From: Christian Brauner
Date: Thu Sep 03 2020 - 11:25:43 EST


On Thu, Sep 03, 2020 at 04:58:09PM +0200, Oleg Nesterov wrote:
> Christian, off-topic question...
>
> On 09/02, Christian Brauner wrote:
> >
> > -static int pidfd_create(struct pid *pid)
> > +static int pidfd_create(struct pid *pid, unsigned int flags)
> > {
> > int fd;
> >
> > fd = anon_inode_getfd("[pidfd]", &pidfd_fops, get_pid(pid),
> > - O_RDWR | O_CLOEXEC);
> > + flags | O_RDWR | O_CLOEXEC);
>
> I just noticed this comment above pidfd_create:
>
> * Note, that this function can only be called after the fd table has
> * been unshared to avoid leaking the pidfd to the new process.
>
> what does it mean?
>
> Of course, if fd table is shared then pidfd can "leak" to another process,
> but this is true for any file and sys_pidfd_open() doesn't do any check?

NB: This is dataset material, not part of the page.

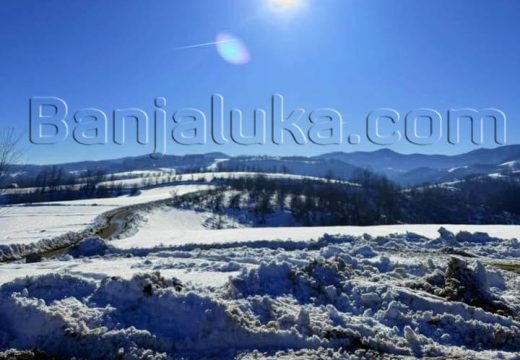 Vozači oprez: Snijeg i grane na putu od Sokoca do Vlasenice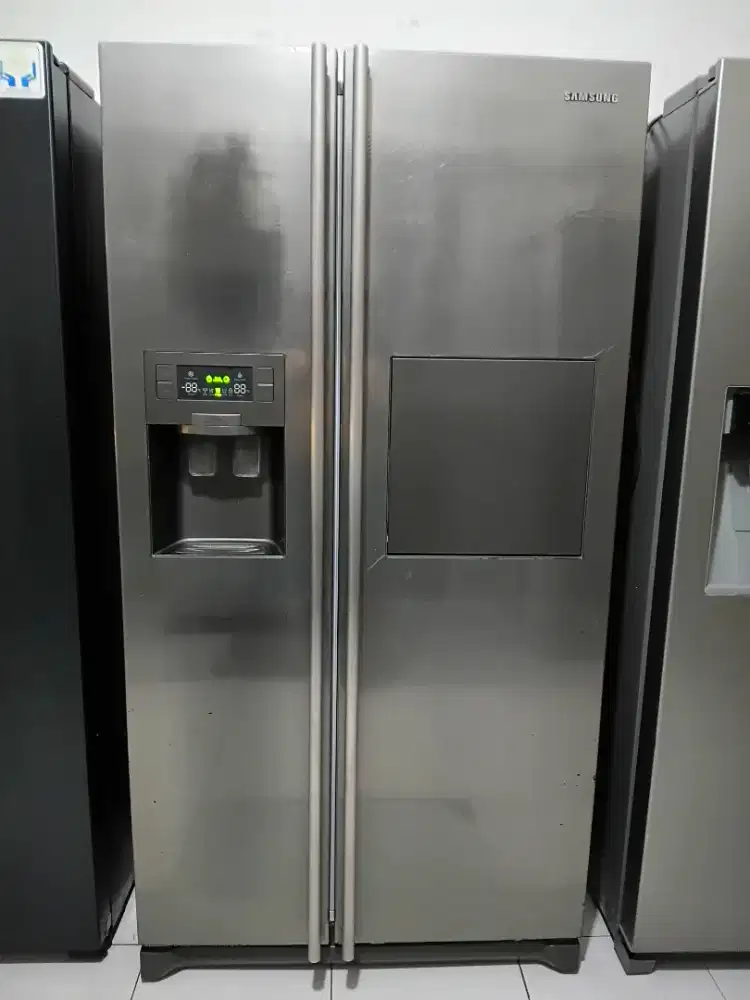 Dijual kulkas side by side samsung kondisi normal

It's the same comment we added in kernel/fork.c to make callers aware
that they can leak a pidfd to another process unintentionally. Sure,
this is true of any fd but since pidfds were a new type of handle and on
another process at that we felt that this was important to spell out. The
"can only" should've arguably been "should probably".

>
>
>
> In fact I think this helper buys nothing but adds the unnecessary get/put_pid,
> we can kill it and change pidfd_open() to do
>
> SYSCALL_DEFINE2(pidfd_open, pid_t, pid, unsigned int, flags)
> {
> int fd;
> struct pid *p;
>
> if (flags & ~PIDFD_NONBLOCK)
> return -EINVAL;
>
> if (pid <= 0)
> return -EINVAL;
>
> p = find_get_pid(pid);
> if (!p)
> return -ESRCH;
>
> fd = -EINVAL;
> if (pid_has_task(p, PIDTYPE_TGID)) {
> fd = anon_inode_getfd("[pidfd]", &pidfd_fops, pid,
> flags | O_RDWR | O_CLOEXEC);
> }
> if (fd < 0)
> put_pid(p);
> return fd;
> }

Sure, I'd totally take a patch like that!

>
> but this is cosmetic and off-topic too.